Die Klägerin beantragt sinngemäß,
das Urteil des Hessischen FG vom 30.01.2019 - 5 K 1627/15, die Einspruchsentscheidung vom 03.08.2015 und die Festsetzung der Sportwettensteuer für den Monat Juli 2012 in Höhe von ... € vom 30.01.2013 aufzuheben.Das FA beantragt,
die Revision als unbegründet zurückzuweisen.Es liege kein Verstoß gegen den verfassungsrechtlichen Bestimmtheitsgrundsatz vor.

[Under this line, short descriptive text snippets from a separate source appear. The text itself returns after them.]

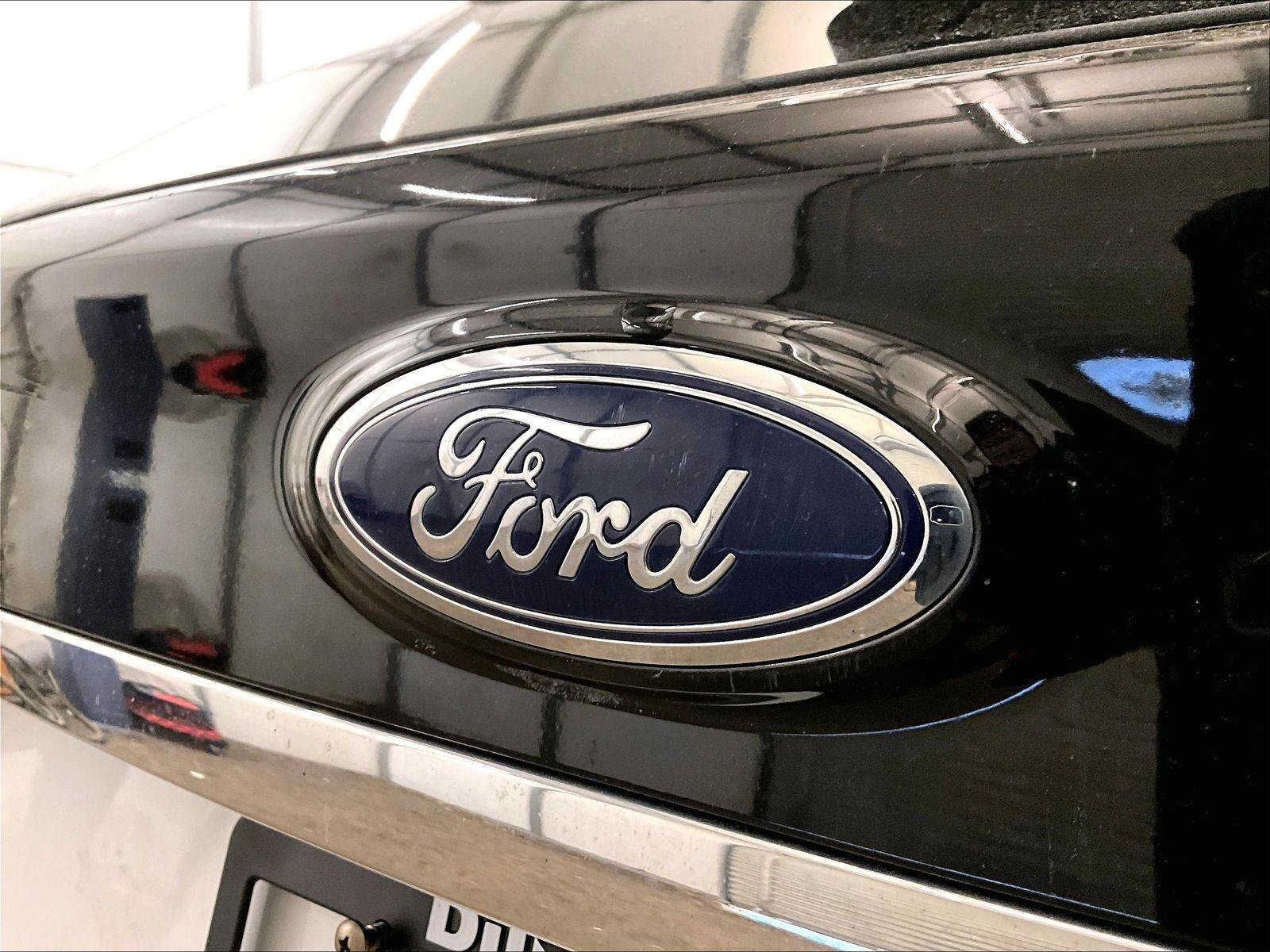 Certified 2020 Ford Edge Titanium w/ Equipment Group 301A AWD/4WD image 13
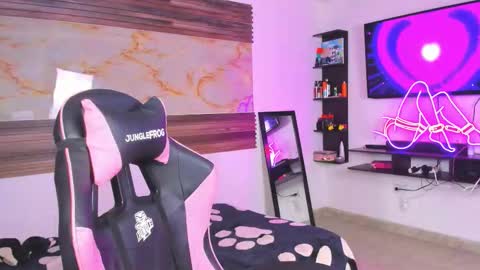 Snapshot of andrees_s chatting on October 2025 01:06:02 AM andrees_s online show from October 2025 01:06:02 AM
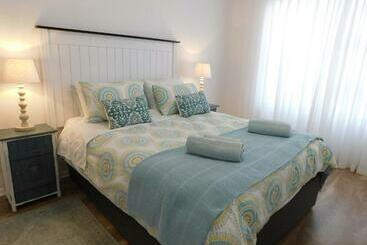 펜션 Rivertides Self Catering Guest House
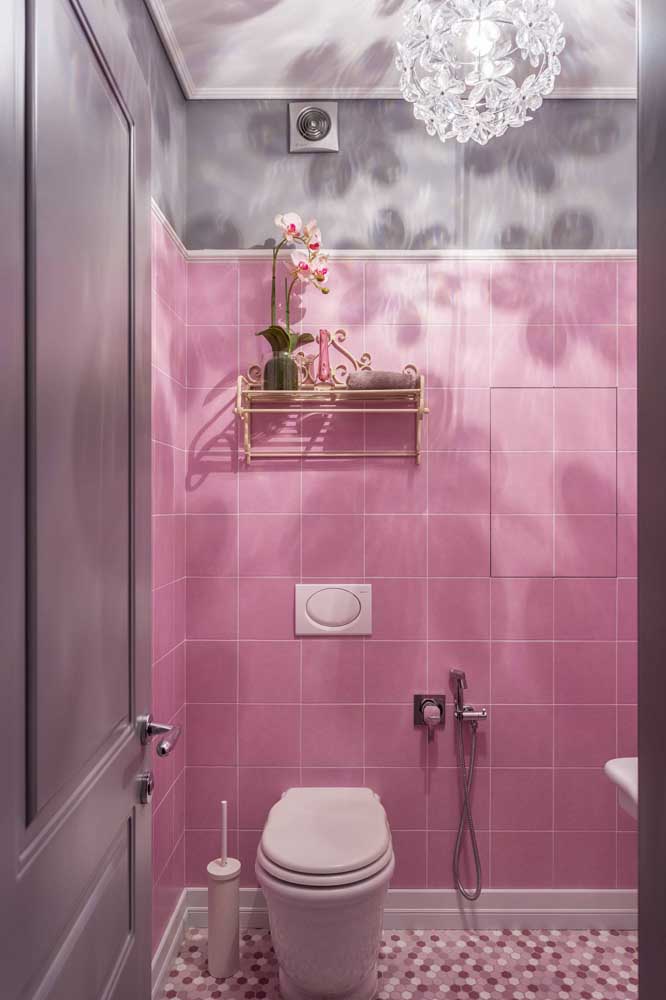 Muito delicado e romântico esse banheiro com azulejo pintado de cor de rosa. Repare que a decoração conversa diretamente com as cores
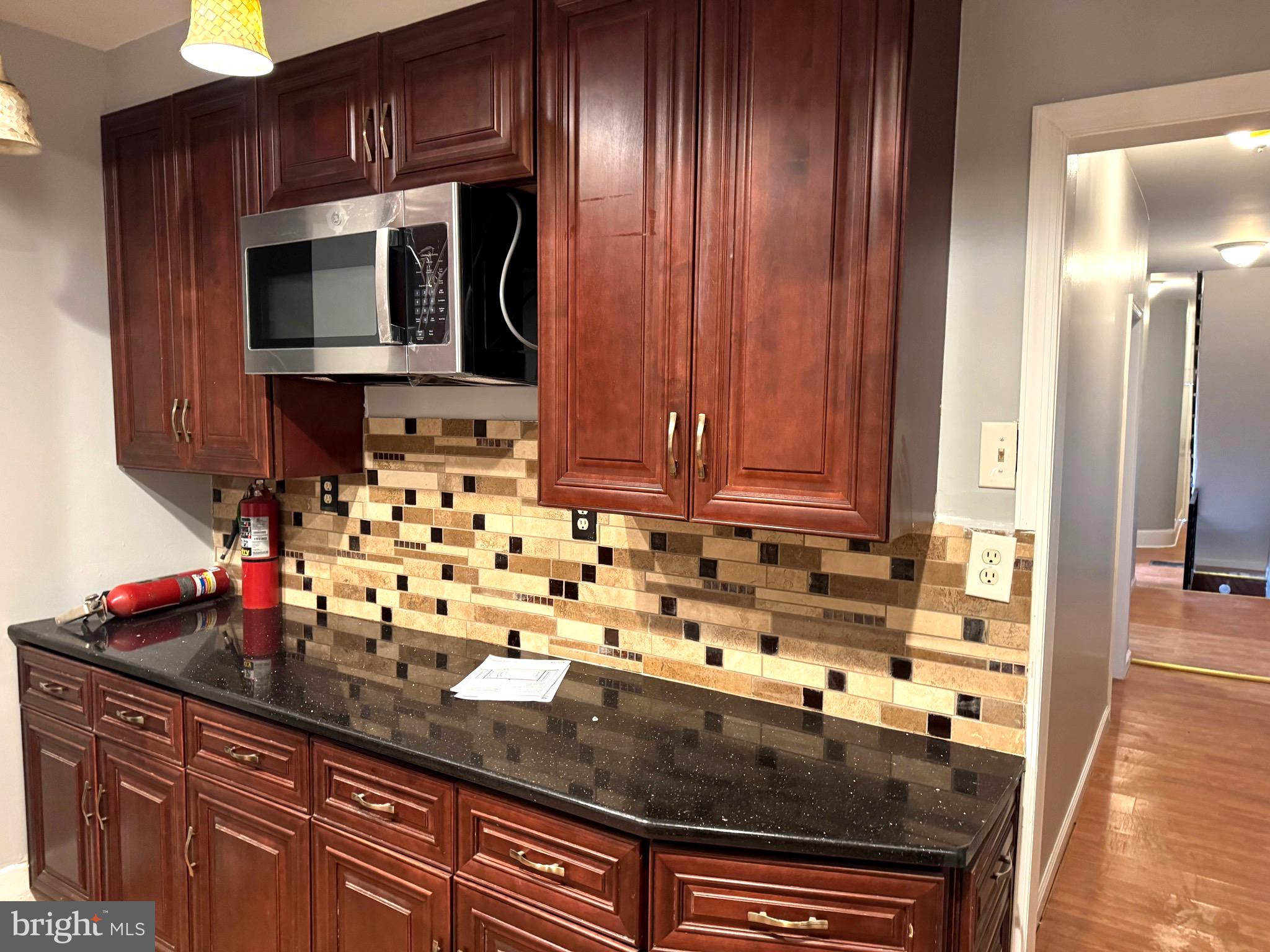 POWELTON VILLAGE - Residential Lease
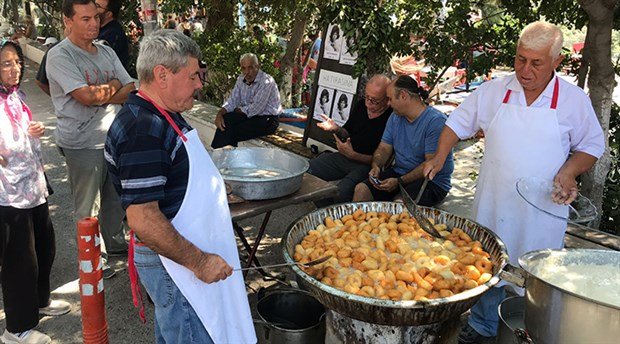 İzmir'de Aretha Franklin için lokma döküldü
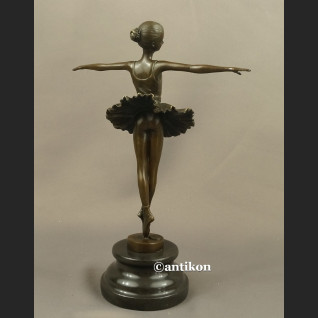 Figurka z brązu baletnica Degas 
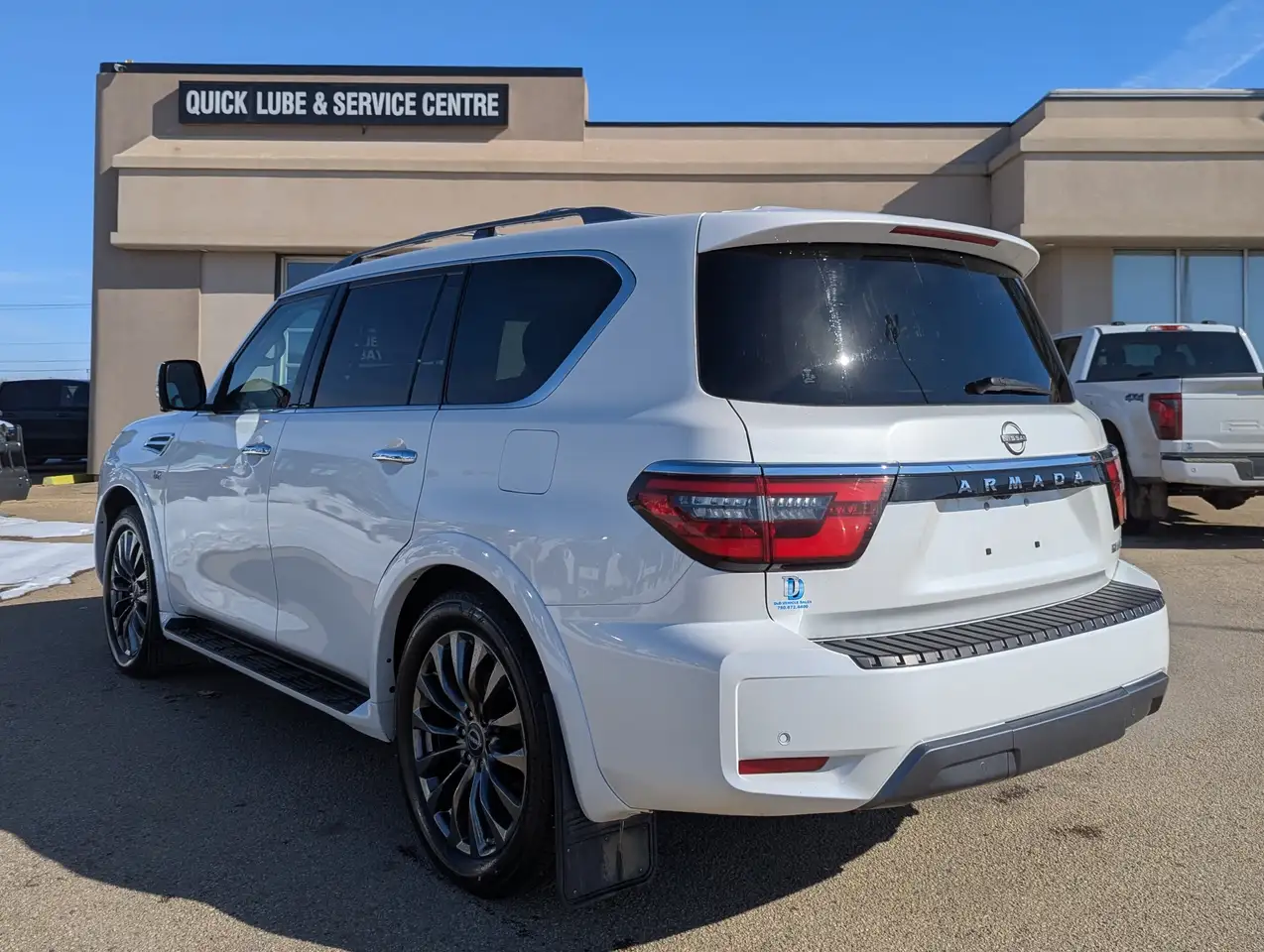 Nissan Armada снимка Nissan Armada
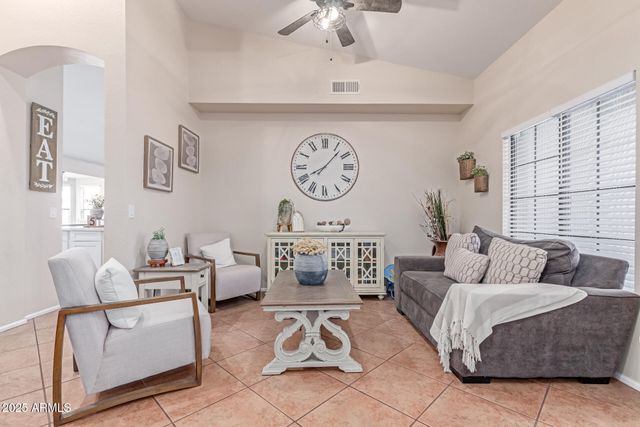 10951 W IVORY Lane, Avondale, AZ 85392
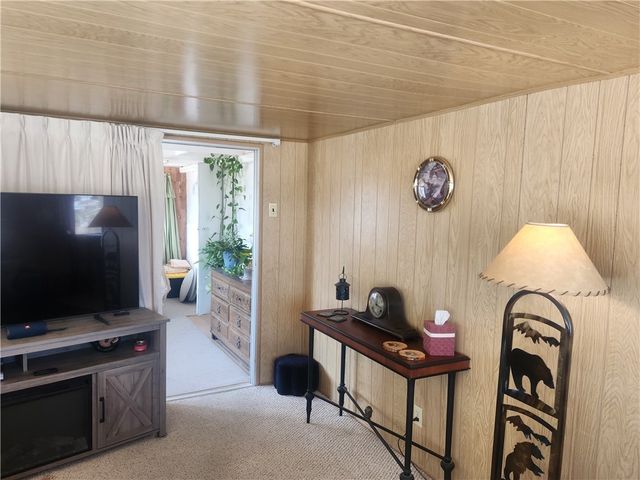 20 W Grand Wash Drive, Meadview, AZ 86444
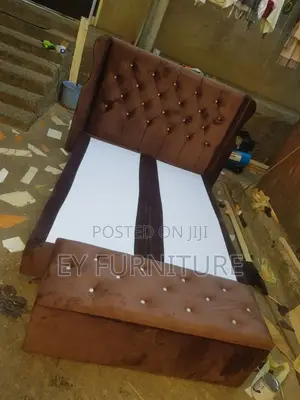 ተሰርቶ ያለቀ አልጋ አልጋ Bed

Der Gegenstand der Besteuerung von Rennwetten nach Abschnitt I des RennwLottG sei eindeutig. § 11 RennwLottG erfasse nur Buchmacher, die Örtlichkeiten im Inland unterhielten. Nur der Abschluss von Rennwetten im Inland löse die Steuer nach § 11 RennwLottG aus. Nach den allgemein anerkannten Regelungen des Territorialprinzips sei eine Besteuerung ohne jede Inlandsanknüpfung völkerrechtlich unzulässig. Wortlaut, Gesetzessystematik, Gesetzesentwicklung und die Gesetzesbegründung bestätigen dieses Ergebnis. § 17 Abs. 2 Satz 1 Nr. 2 RennwLottG habe in der seit 01.07.2012 geltenden Fassung gerade darauf abgezielt, ausländische Buchmacher ohne Sitz oder Geschäftsleitung oder sonstige feste Einrichtung im Inland mit über das Internet angebotenen Sportwetten zu besteuern. Auf die Frage, ob die Klägerin eine Genehmigung für ihre Buchmachertätigkeit habe, komme es nicht an. Es stehe nicht entgegen, dass der Gesetzgeber in § 25 Abs. 3 RennwLottG ermöglicht habe, die Buchmachersteuer nach § 11 RennwLottG auf internetbasierte Wettangebote ausländischer Wettveranstalter ohne feste Einrichtung im Inland auszudehnen.